Problem statement
Transcribe every entry word for word, leaving out all images.

Data extracts
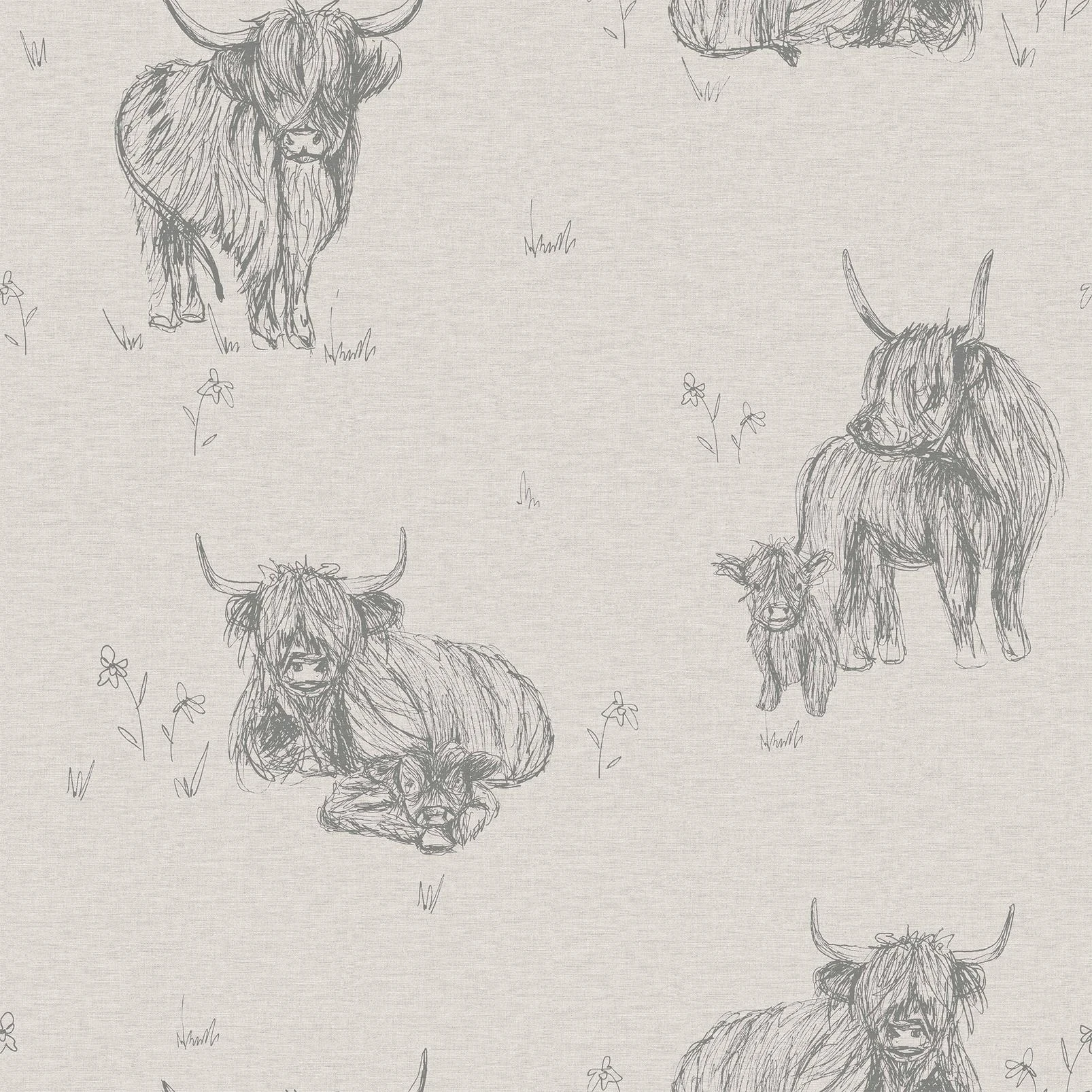 Next Natural Hamish Wallpaper - 145645_TILE_NATURAL HAMISH_01.jpg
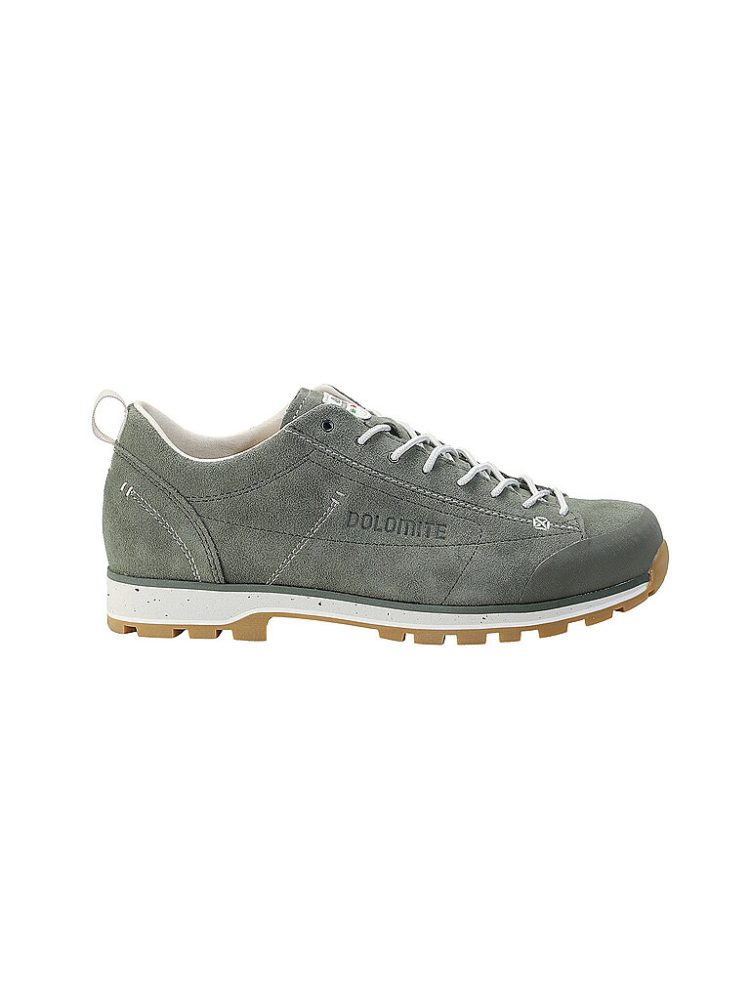 Dolomite 54 Low Evo Schuhe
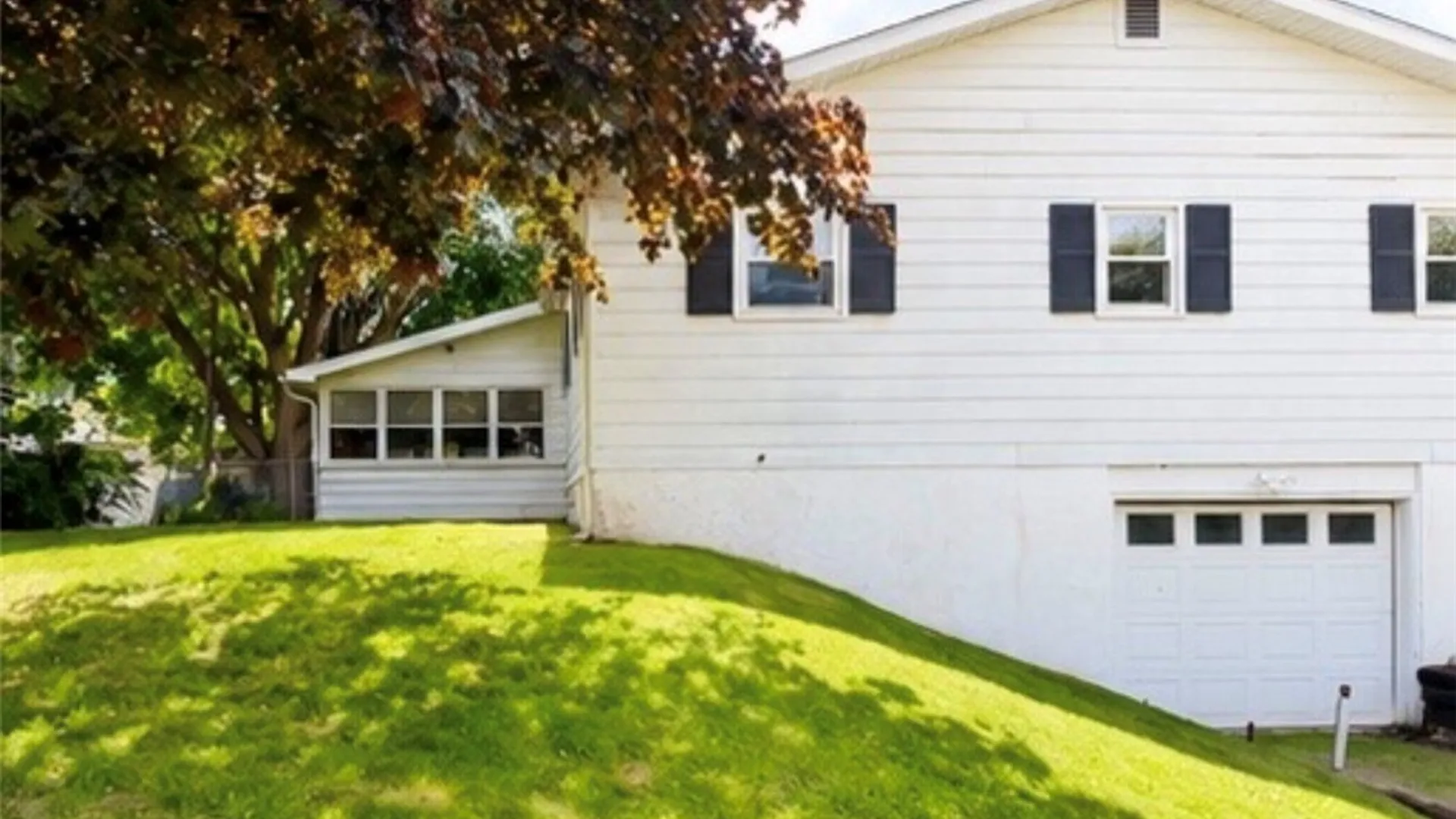 Property at 212 Shepler Street, Elmira City, NY 14904 11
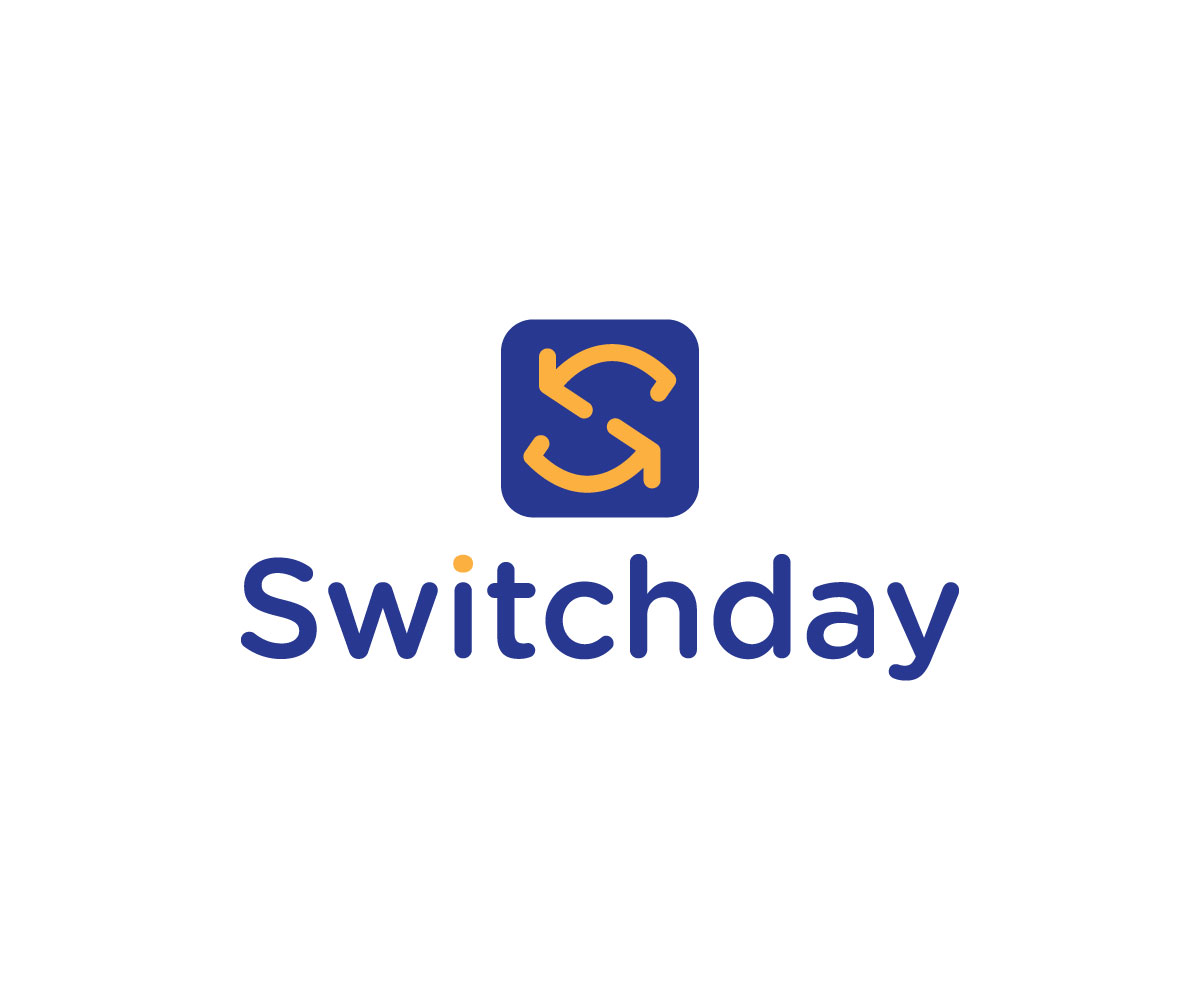 Logo Design by chaitan! for this project | Design #37343244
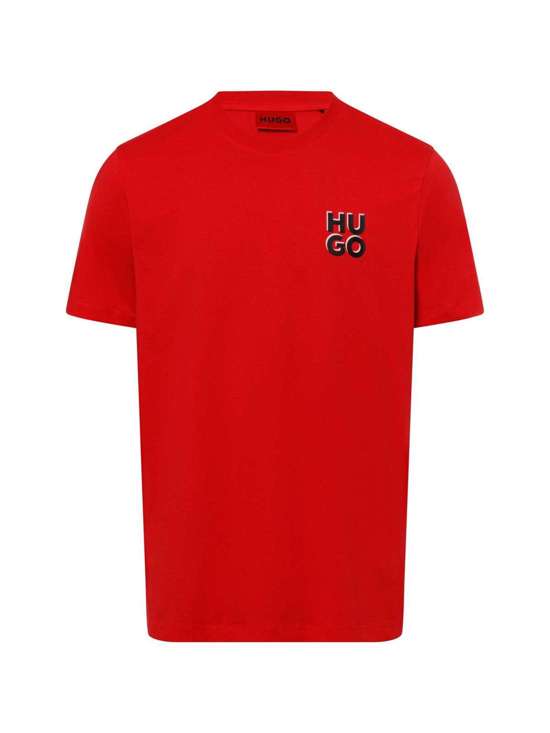 Футболка Dimoniti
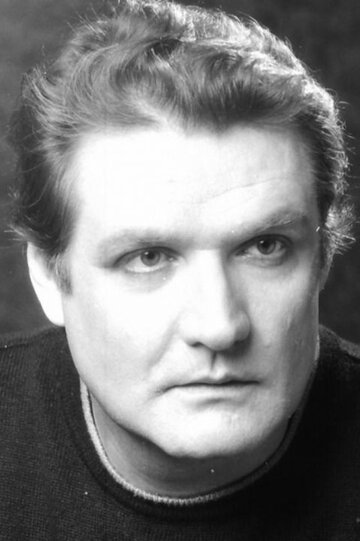 ვლადიმერ სიმონოვი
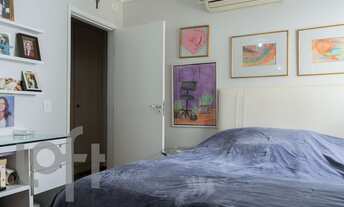 Imagem 5: 3 dormitórios na Rua Itacema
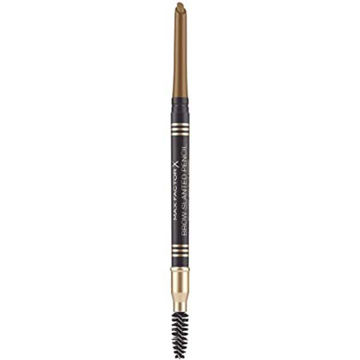 Imagen de Discontinuado Mf Brow Shaper Blonde 10 18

Exercise response
 Next Natural Hamish Wallpaper - 145645_TILE_NATURAL HAMISH_01.jpg
 Dolomite 54 Low Evo Schuhe
 Property at 212 Shepler Street, Elmira City, NY 14904 11
 Logo Design by chaitan! for this project | Design #37343244
 Футболка Dimoniti
 ვლადიმერ სიმონოვი
 Imagem 5: 3 dormitórios na Rua Itacema
 Imagen de Discontinuado Mf Brow Shaper Blonde 10 18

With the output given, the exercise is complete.